The final tallies are just out for the spring and summer Chinook runs on the Columbia. I follow the counts at the Bonneville Dam (the lowest on the Columbia) because they’re a decent shorthand for the strength of salmon populations along the entire Columbia-Snake system, which is the biggest river network on West Coast. In fact, we use these counts for the Cascadia Scorecard’s wildlife indicator.
The numbers for 2007 weren’t great—roughly 145,000 Chinook made it up past the dam—but they weren’t awful either, at least relative to past years.
The chart below shows the spring and summer Chinook count from 1938 to 2007; the red line is this year’s count for comparison.
So this was a pretty typical year. Not as good as the last few years, but certainly better than most of the decade or two before that. But there’s another way of looking at these numbers that’s not quite so rosy.

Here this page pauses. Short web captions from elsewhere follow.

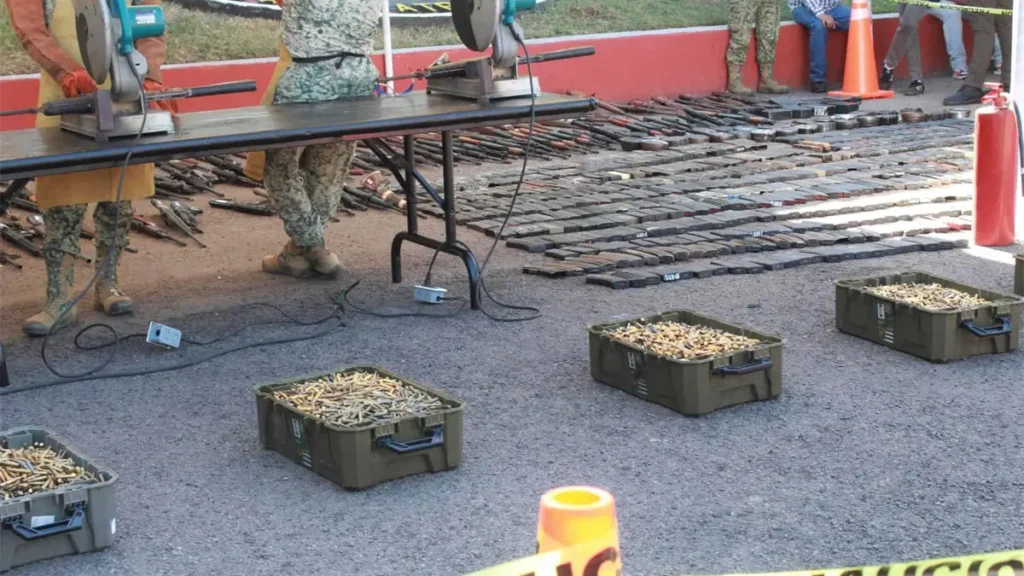 Desmantelan lanzagranadas, Cuernos de Chivo y más de 900 armas en Culiacán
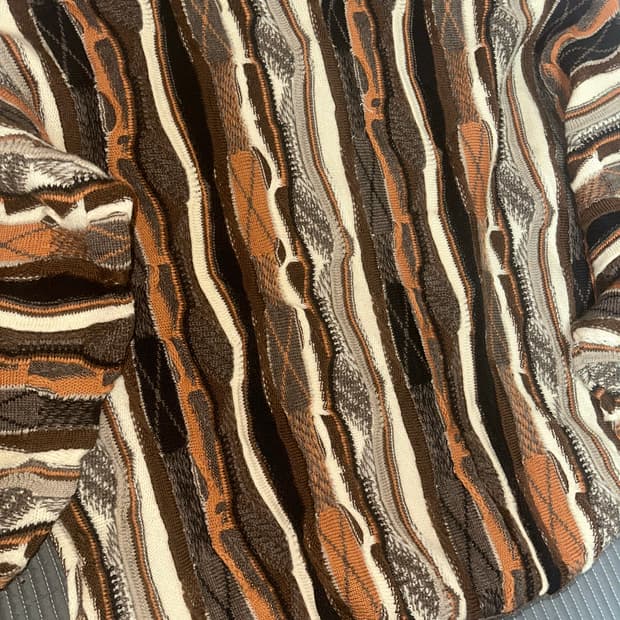 쿠지맛 케이블 니트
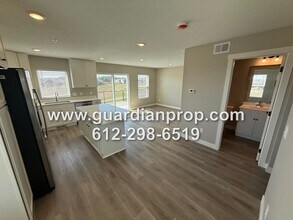 Building Photo - 8867 Granite Ct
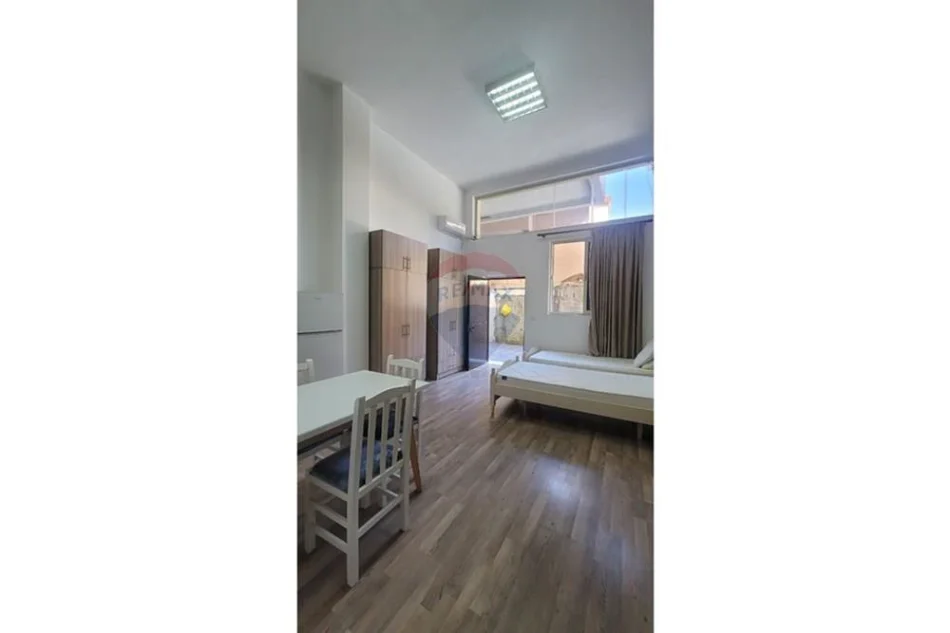 Tirane, jepet me qera apartament Kati 1, 46 m² 420 € (Bryli)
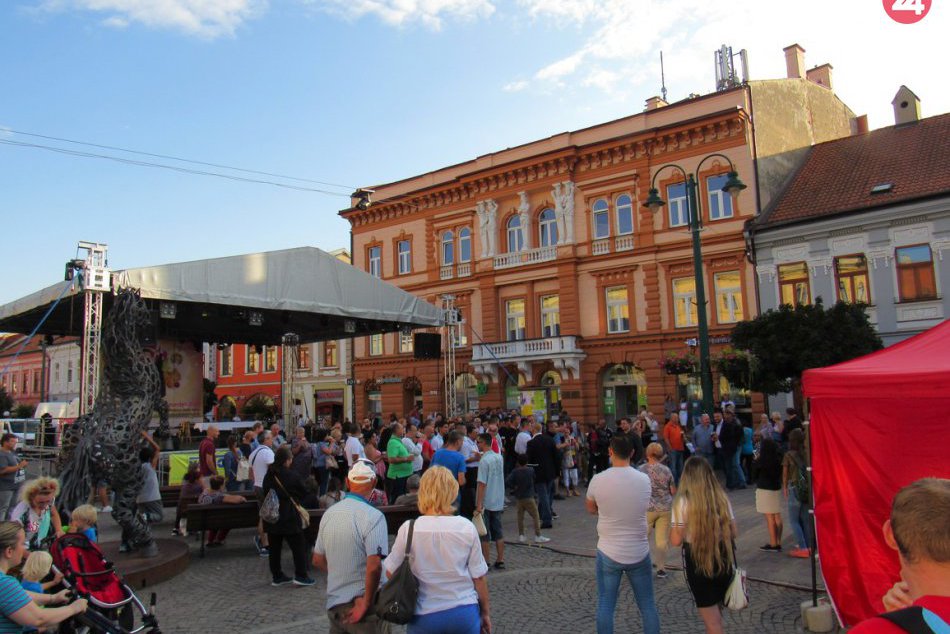 Ilustračný obrázok k článku Podarilo sa: V centre Prešova bol vytvorený rekord v pití zlatistého moku!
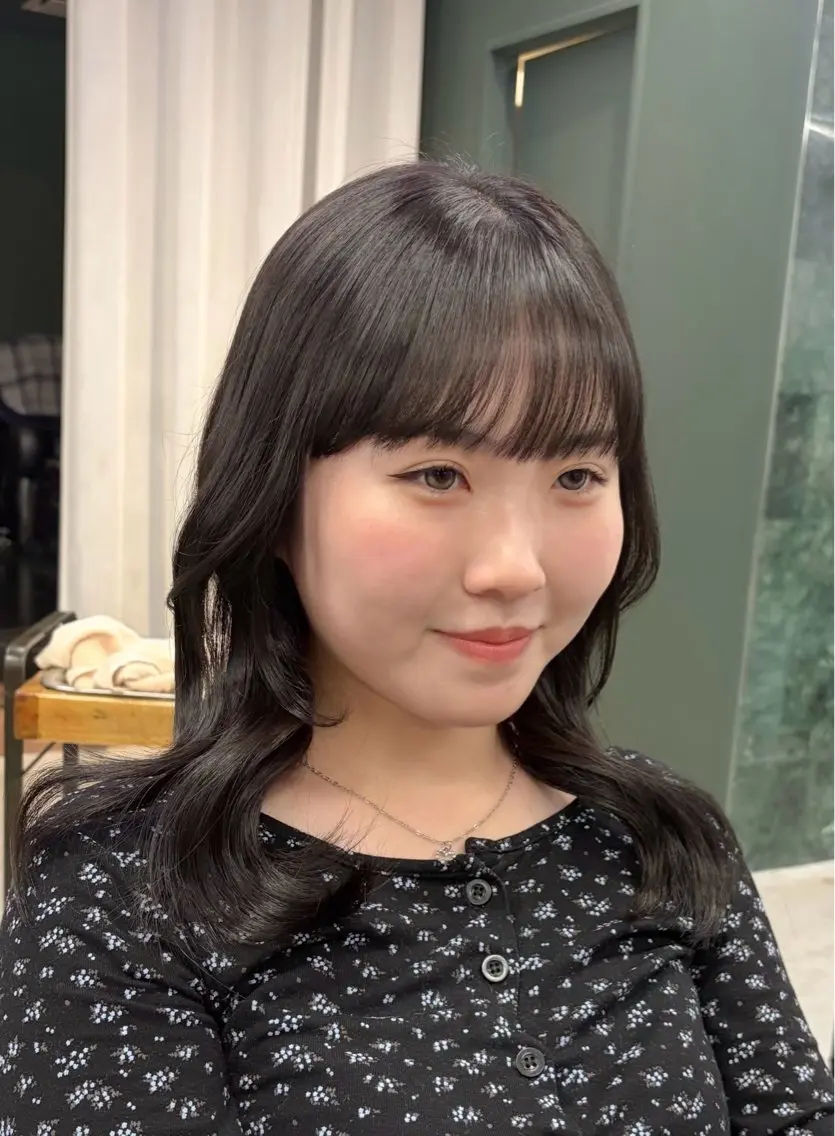 ミディアム カラー ブラウンカラー 透明感カラー ダークブラウン ヘアカラー ここね/透明感 カラー/ナチュラルのヘアスタイル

The best estimates say that the spring and summer runs used to bring 2.5 to 3 million Chinook into the Columbia system. And these were all wild fish, stronger cousins to the anemic hatchery salmon that account for the majority of today’s spawners. Compared to their former abundance, the 2007 count is downright depressing.
The chart below shows the spring and summer Chinook count from 1938 to 2007; but this time the red line is the historical abundance for comparison.
I don’t have much to add to the story the chart tells. Just: yikes!